Start of Data provided

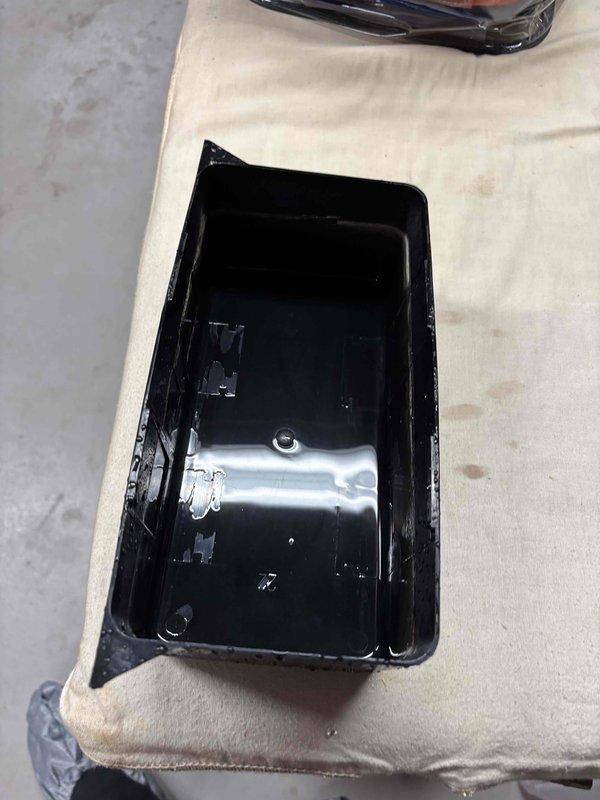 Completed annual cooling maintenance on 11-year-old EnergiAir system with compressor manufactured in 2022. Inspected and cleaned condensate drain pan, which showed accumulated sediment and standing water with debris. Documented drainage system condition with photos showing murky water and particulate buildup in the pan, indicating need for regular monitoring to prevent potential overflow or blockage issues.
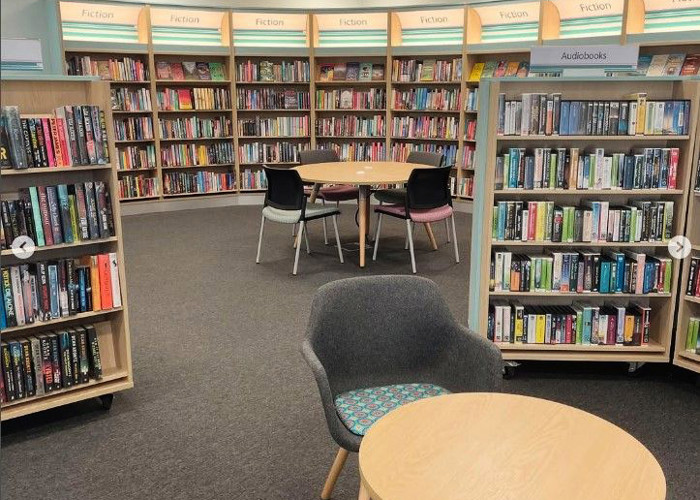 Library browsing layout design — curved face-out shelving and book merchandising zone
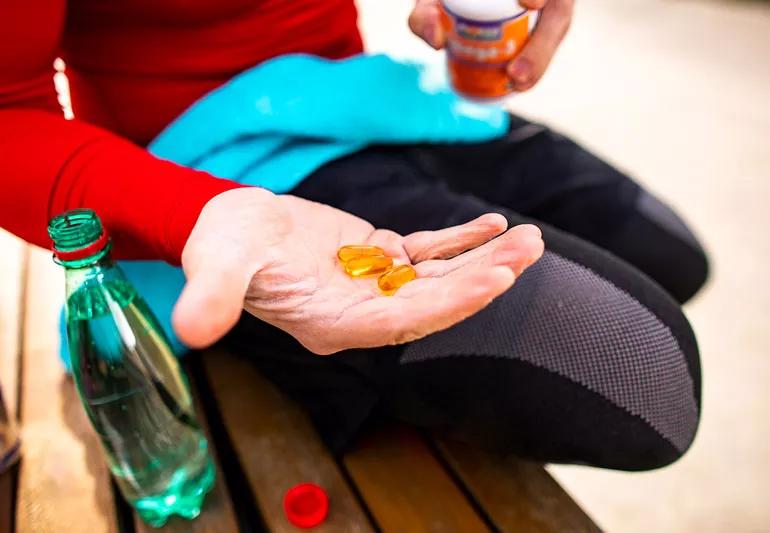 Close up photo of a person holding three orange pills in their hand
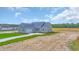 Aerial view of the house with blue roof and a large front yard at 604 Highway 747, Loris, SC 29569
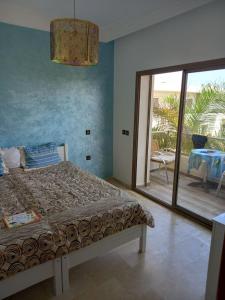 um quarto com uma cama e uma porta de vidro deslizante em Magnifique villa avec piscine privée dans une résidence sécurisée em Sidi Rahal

End of Data provided

> **Work instruction**: Reproduce each entry word for word and cut the images.

> **Written answer**:
 Completed annual cooling maintenance on 11-year-old EnergiAir system with compressor manufactured in 2022. Inspected and cleaned condensate drain pan, which showed accumulated sediment and standing water with debris. Documented drainage system condition with photos showing murky water and particulate buildup in the pan, indicating need for regular monitoring to prevent potential overflow or blockage issues.
 Library browsing layout design — curved face-out shelving and book merchandising zone
 Close up photo of a person holding three orange pills in their hand
 Aerial view of the house with blue roof and a large front yard at 604 Highway 747, Loris, SC 29569
 um quarto com uma cama e uma porta de vidro deslizante em Magnifique villa avec piscine privée dans une résidence sécurisée em Sidi Rahal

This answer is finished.